How LR2 interpreters IPTC 1:90 tag?

Started by Archive, May 12, 2010, 08:54:39 AM

Previous topic - Next topic

Archive

[Originally posted by murat on 2009-08-12 07:14:55-07]

Hello Phil and ExifTool community,

Does anybody know how Lightroom 2 interpreters IPTC CodedCharacterSet (1:90)?

For example:

I have an image with only IPTC:City="some national text" and converted it to UTF8 and added IPTC:CodedCharacterSet=UTF8.

This means by my opinion that LR should convert the city from UTF8 to Unicode or default codepage and should displayed it correctly. But LR ignores CodedCharacterSet and displayed text as is in UTF8 (which shows the wrong result for national characters).

I get the only valid result if I leave IPTC:City as is without "DefaultToUTF8" conversion. But this is wrong by my opinion because the image has IPTC:CodedCharacterSet=UTF8

Thanks for any help. Please don't send me to LR's forum.

--

Murat

Archive

[Originally posted by exiftool on 2009-08-12 10:51:48-07]
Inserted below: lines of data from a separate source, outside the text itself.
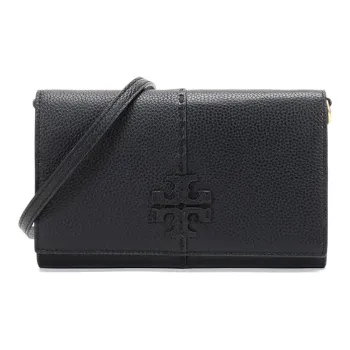 TORY BURCH McGraw Cow Leather Handheld Crossbody Bag, Shoulder Bag Women's Black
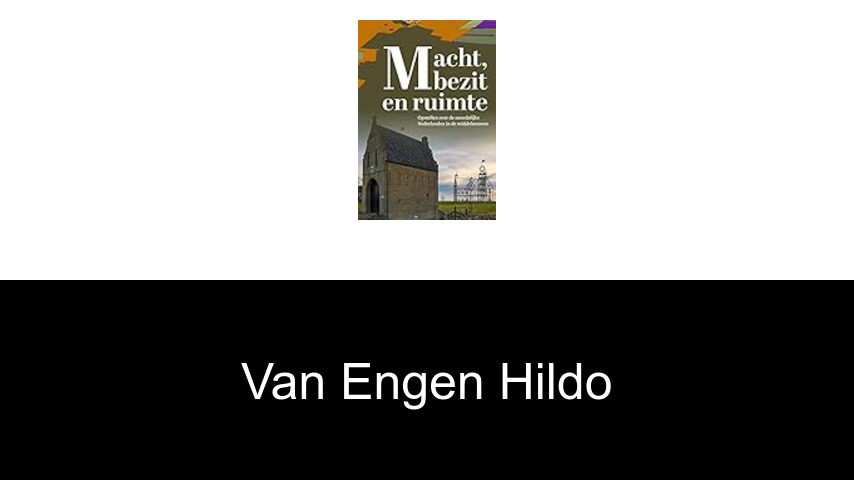 livres de Van Engen Hildo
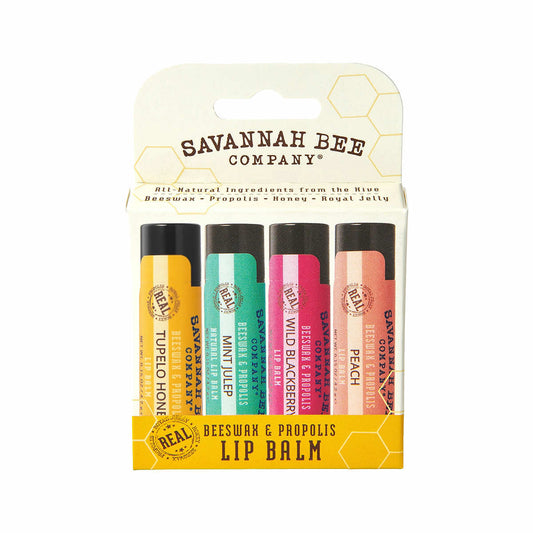 Savannah Bee Bee Sweet Beeswax & Propolis Lip Balm Collection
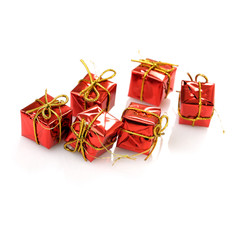 Christmas decorations, gift boxes
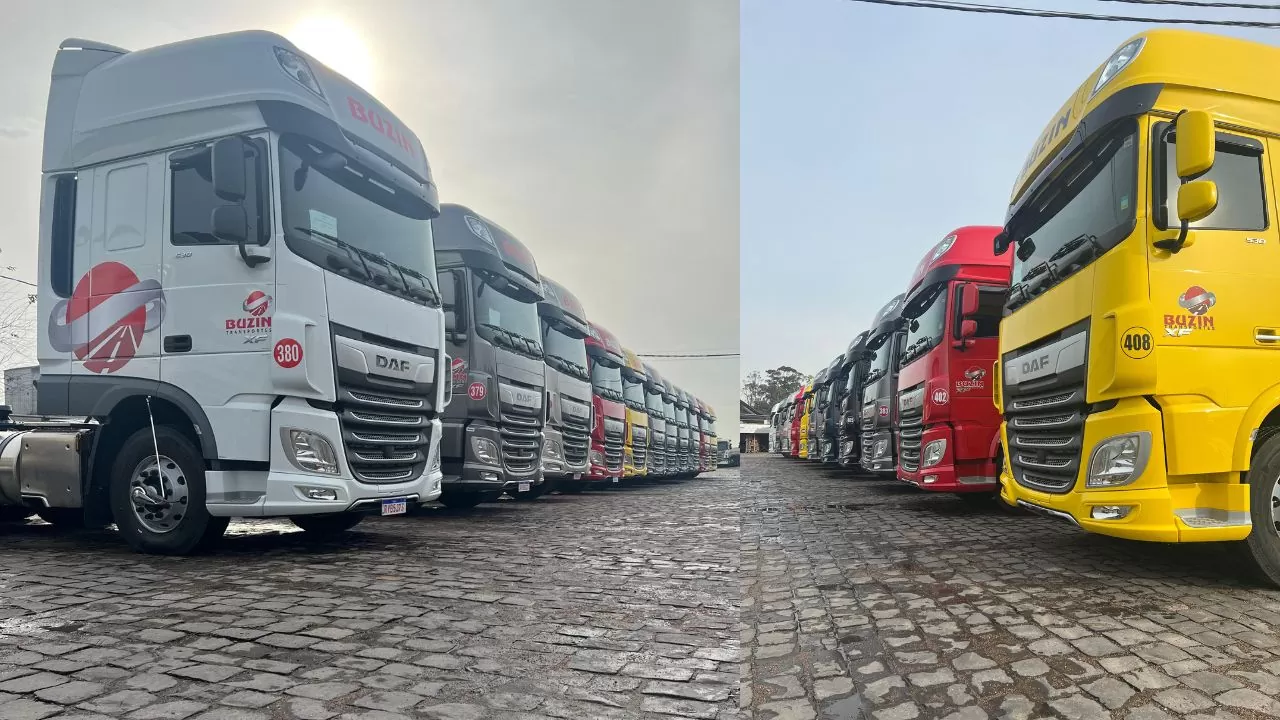 Frota DAF da Buzin Transportes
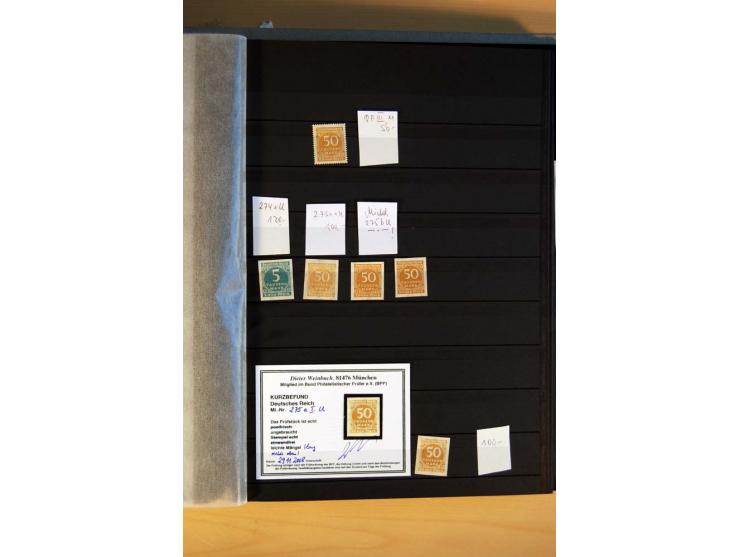 1916/23, ungebrauchte, postrische und gestempelte Sammlung, sehr spezialisiert mit einer Vielzahl an Besonderheiten wie Einhe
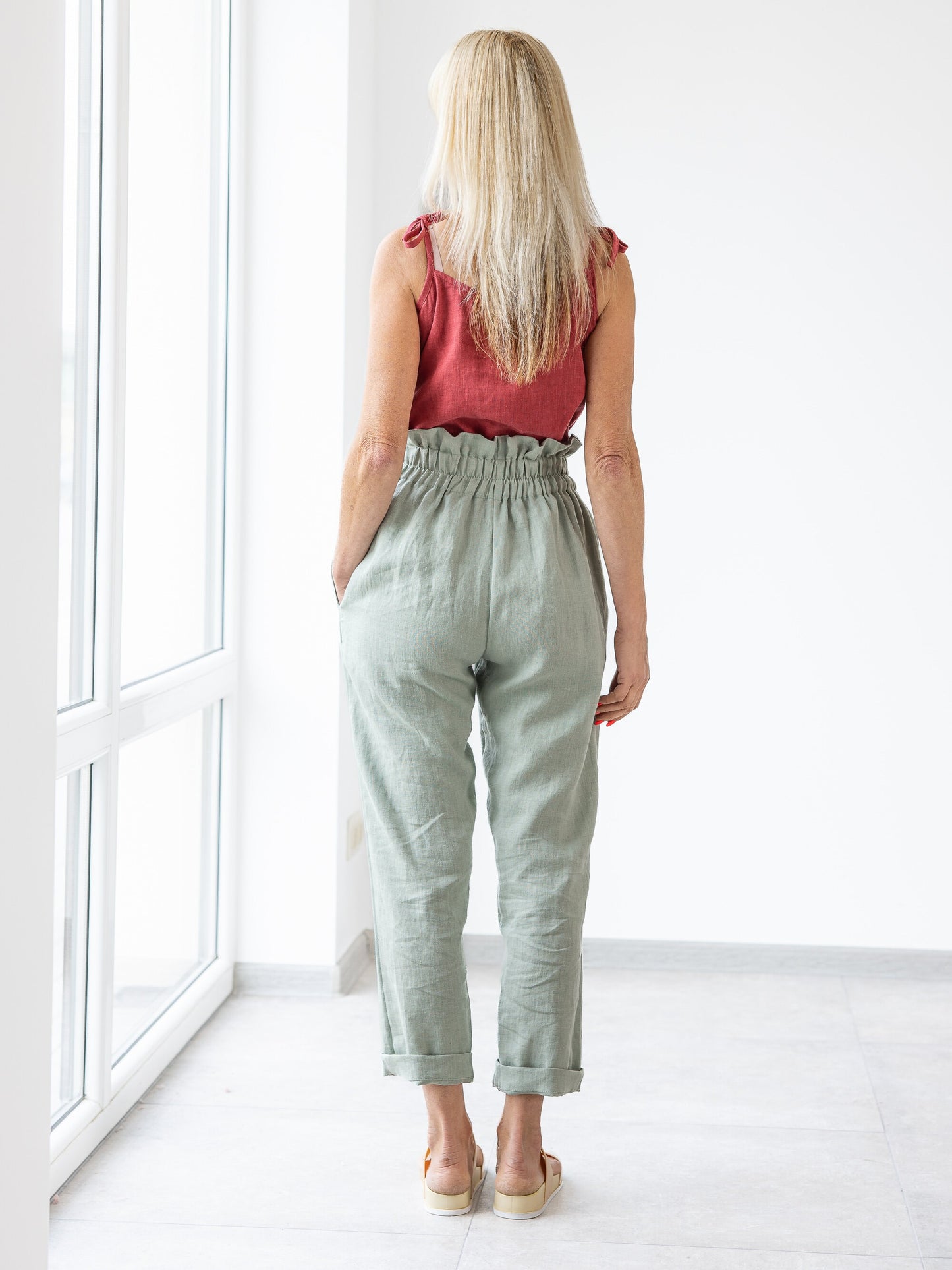 Linen pants for women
I can't say what LR2 does, but Adobe helped write the current
recommendation for handling IPTC character encoding.  It would
be reasonable if LR2 used this technique:

Code:
In some non-XMP metadata containers, the encoding is stored in the container
along with the metadata. For example, the Exif UserComment tag has a prefix
that indicates the encoding. Another important example is the IPTC-IIM
metadata container that optionally supports the Coded Character Set 1:90
DataSet indicating the encoding of all the string properties in that
container. This document requires that compliant consumers MUST respect any
stored encoding indicators such as the above examples.
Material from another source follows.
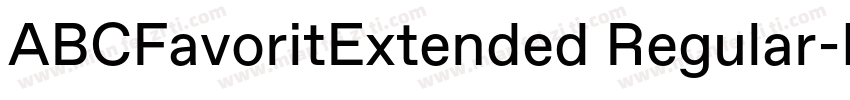 ABCFavoritExtended Regular字体转换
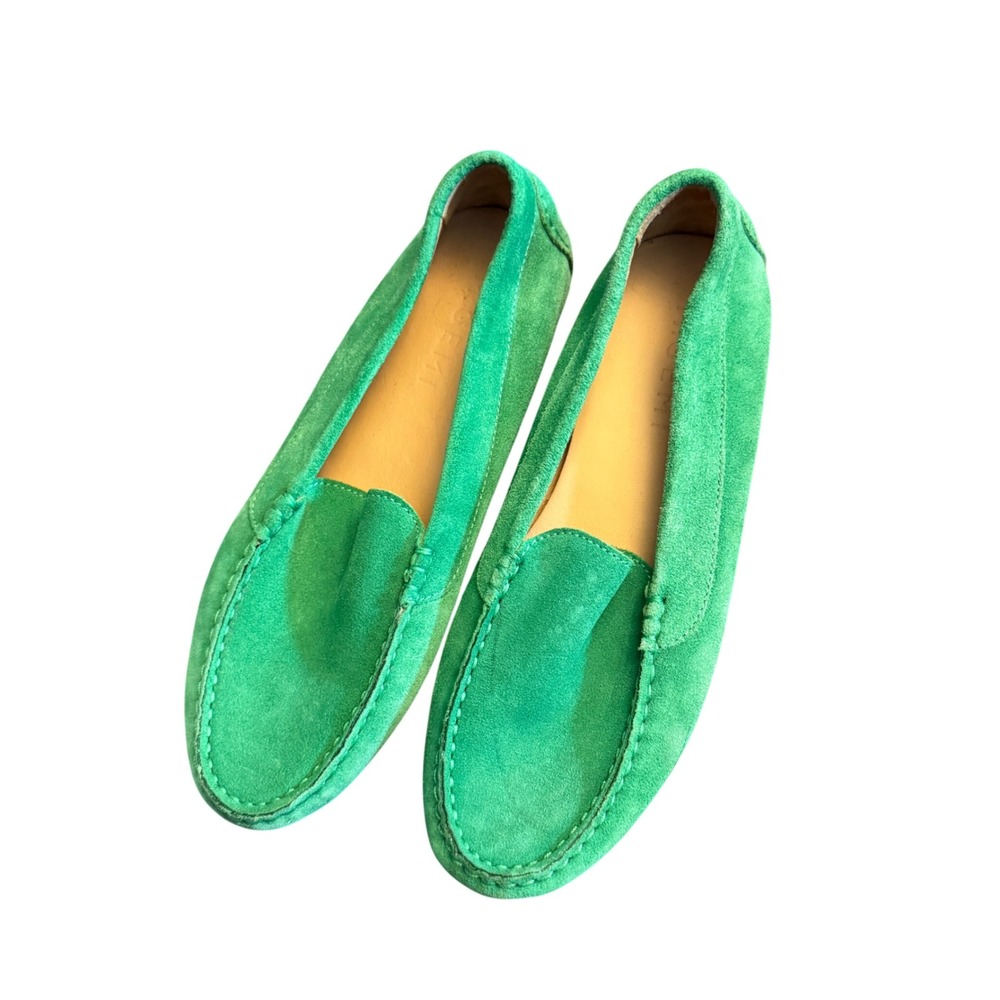 M Gemi The Felize Suede Loafer Jewel Green Driving Moccasin Made in Italy 37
For other metadata string properties the encoding may be undefined by the
container specification. Or the encoding may be de-facto undefined because
in practice, a large number of files exist which are stored in a variety of
encodings. In these situations a compliant reader SHOULD use a reasonable
heuristic to infer the encoding used.

This document recommends that the following heuristic SHOULD be used to
infer the encoding of string properties when the encoding is undefined:

  - Scan the string to see if all bytes are in the range 0..127.
    - If so, assume the string is ASCII.
    - Otherwise, scan the string to see if it is consistent with valid UTF-8.
      - If so, assume the string is UTF-8.
      - Otherwise, assume a reasonable fallback encoding.
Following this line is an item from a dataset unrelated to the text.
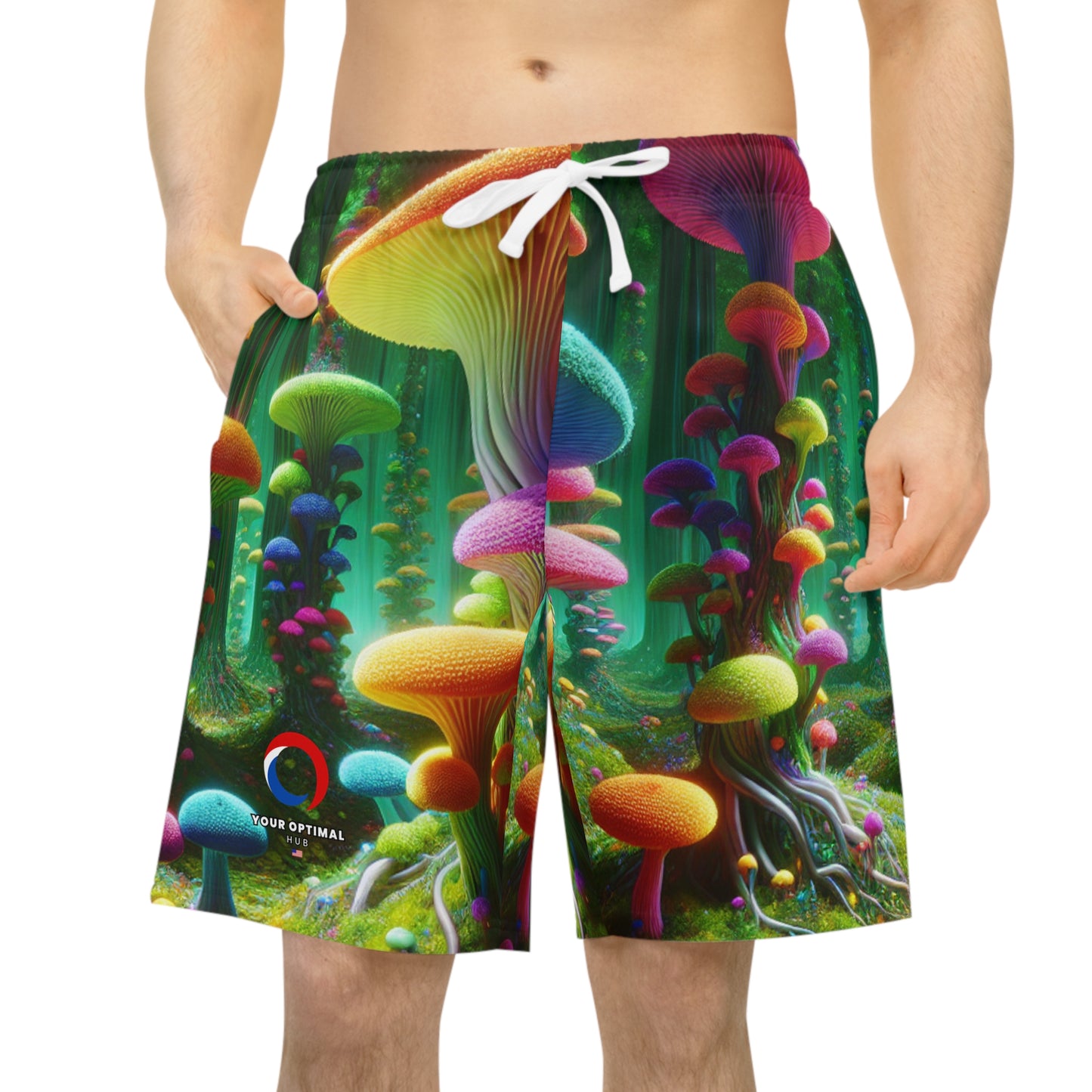 Raphaelle Verona - Psychedelic Streetwear Shorts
The choice of a reasonable fallback encoding is application and workflow
dependent. It can be determined by querying the locale information of the
host device or the user's preference.

- Phil

Archive

[Originally posted by exiftool on 2009-08-12 10:53:01-07]

I should have mentioned that the quote is from the most recent
MWG (Metadata Working Group) recommendation.

Archive

[Originally posted by murat on 2009-08-12 16:53:19-07]

Thanks Phil for the comprehensive answer.

It seems that LR2 ignores utf8 text. I've uploaded the sample (blank image from EXIFTool test files) with

IPTC 1:90 = UTF8

IPTC Headline = Some russian characters

IPTC City = Japanese text

You can see that City (Japanese text) displayed correctly with LR2, but Headline (Russian characters is not.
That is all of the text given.